━━━ STUDY MATERIAL ━━━
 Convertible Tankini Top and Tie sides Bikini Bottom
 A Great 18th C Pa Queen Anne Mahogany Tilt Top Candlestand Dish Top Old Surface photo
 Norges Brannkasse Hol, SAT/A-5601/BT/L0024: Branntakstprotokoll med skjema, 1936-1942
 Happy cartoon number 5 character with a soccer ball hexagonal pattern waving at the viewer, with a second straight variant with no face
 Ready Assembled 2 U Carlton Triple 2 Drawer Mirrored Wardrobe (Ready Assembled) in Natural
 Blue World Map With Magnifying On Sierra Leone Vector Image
━━━
━━━ STUDY MATERIAL ━━━
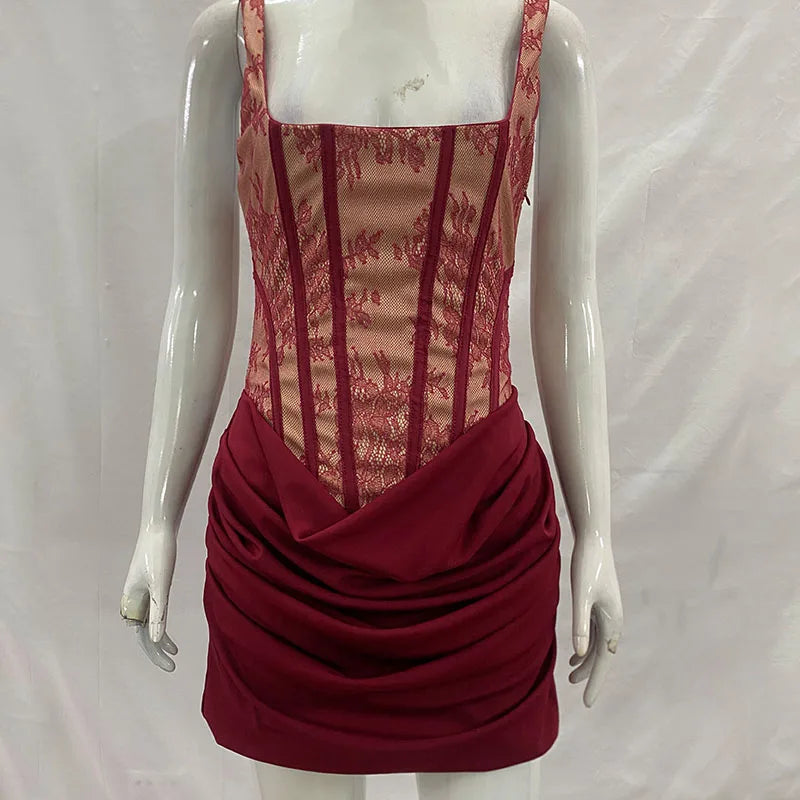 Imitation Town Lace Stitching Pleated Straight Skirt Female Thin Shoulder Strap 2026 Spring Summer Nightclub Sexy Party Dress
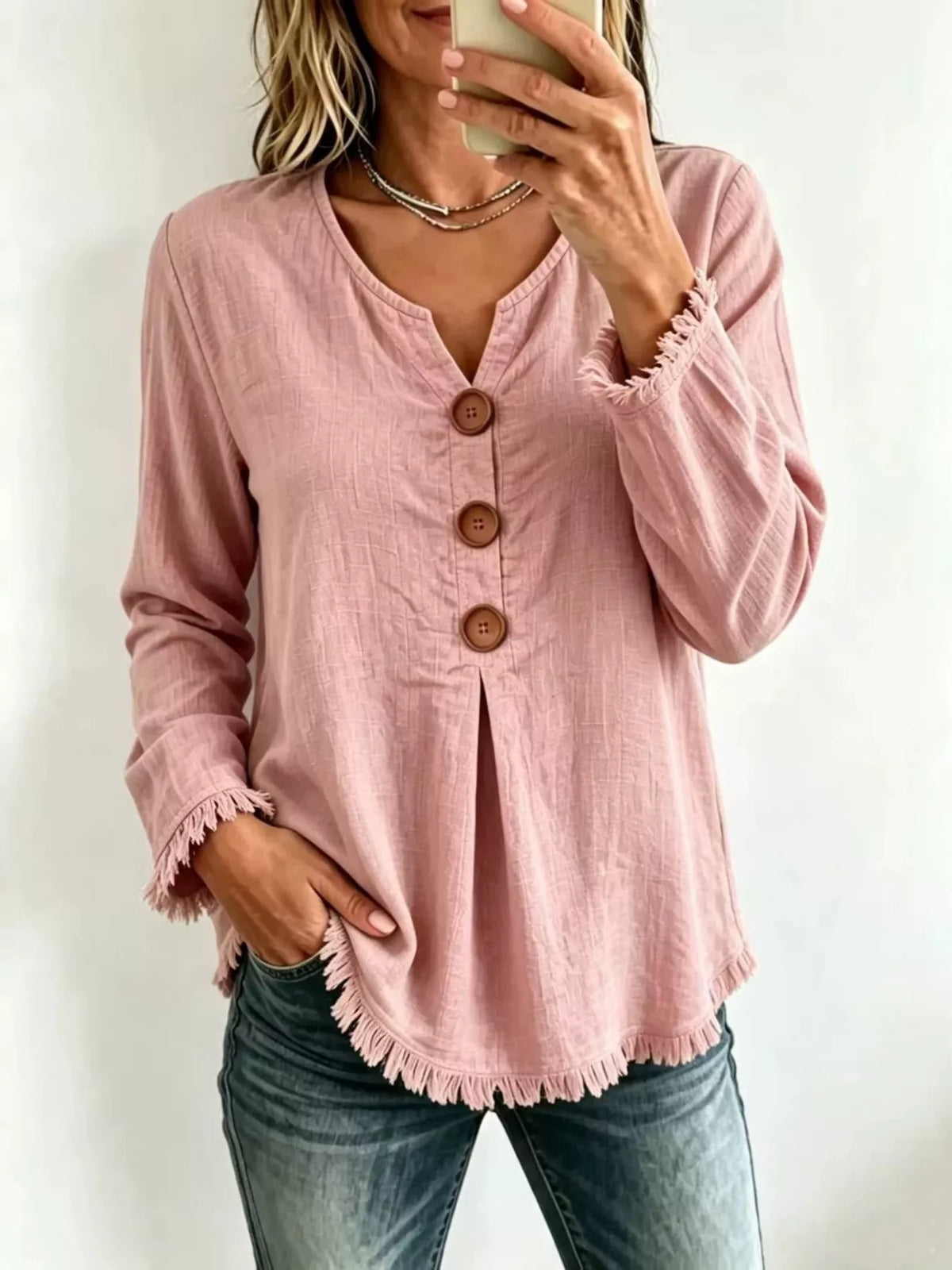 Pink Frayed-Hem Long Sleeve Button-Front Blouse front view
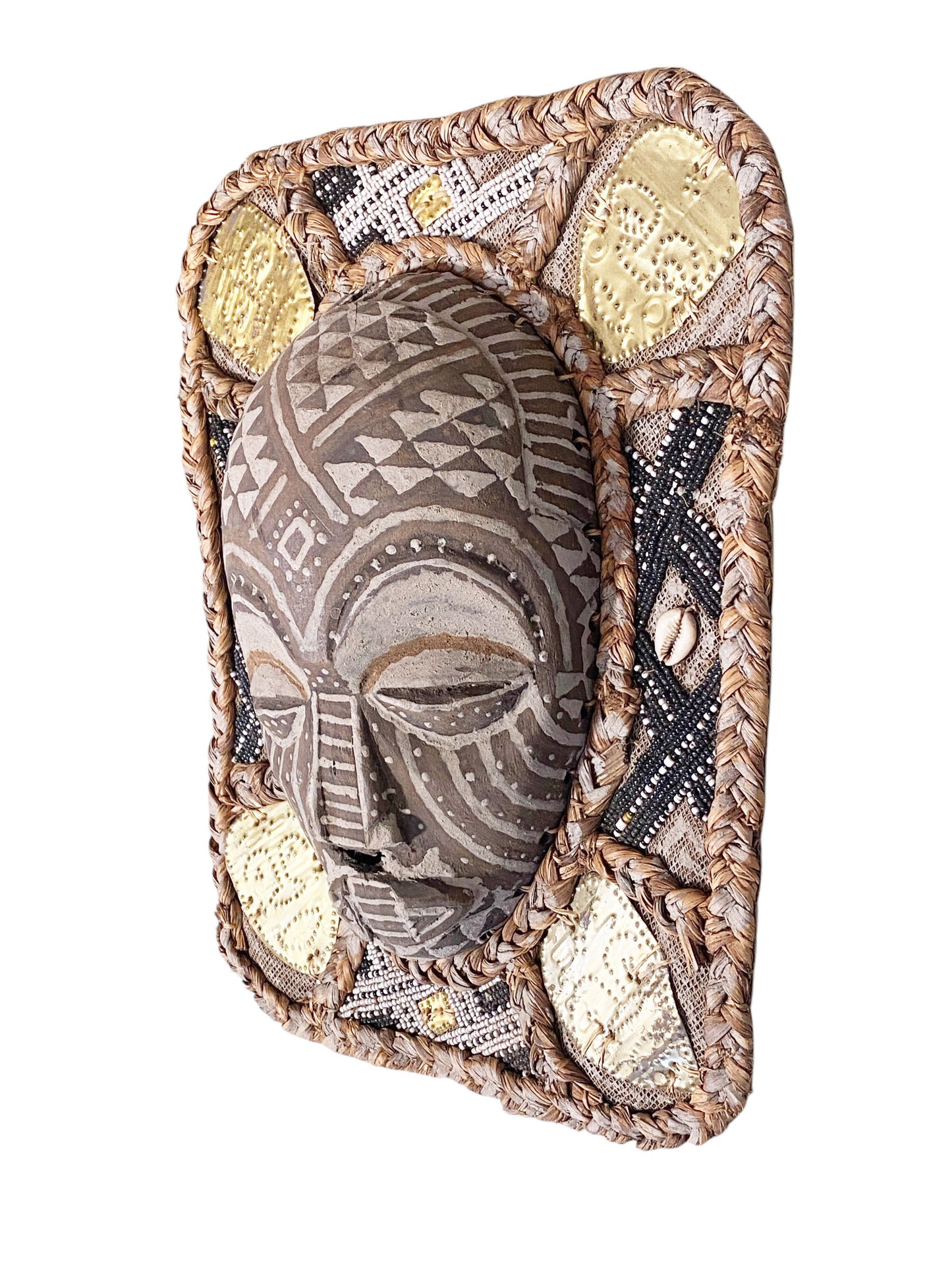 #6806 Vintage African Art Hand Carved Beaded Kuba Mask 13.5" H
━━━
◆ **DIRECTIONS**: Give again, exactly as written above, each line from the one that has "Pink Frayed-Hem Long" to the one that has "#6806 Vintage African", both included; omit the pictures.

◆ **FINISHED EXERCISE**:
 Pink Frayed-Hem Long Sleeve Button-Front Blouse front view
 #6806 Vintage African Art Hand Carved Beaded Kuba Mask 13.5" H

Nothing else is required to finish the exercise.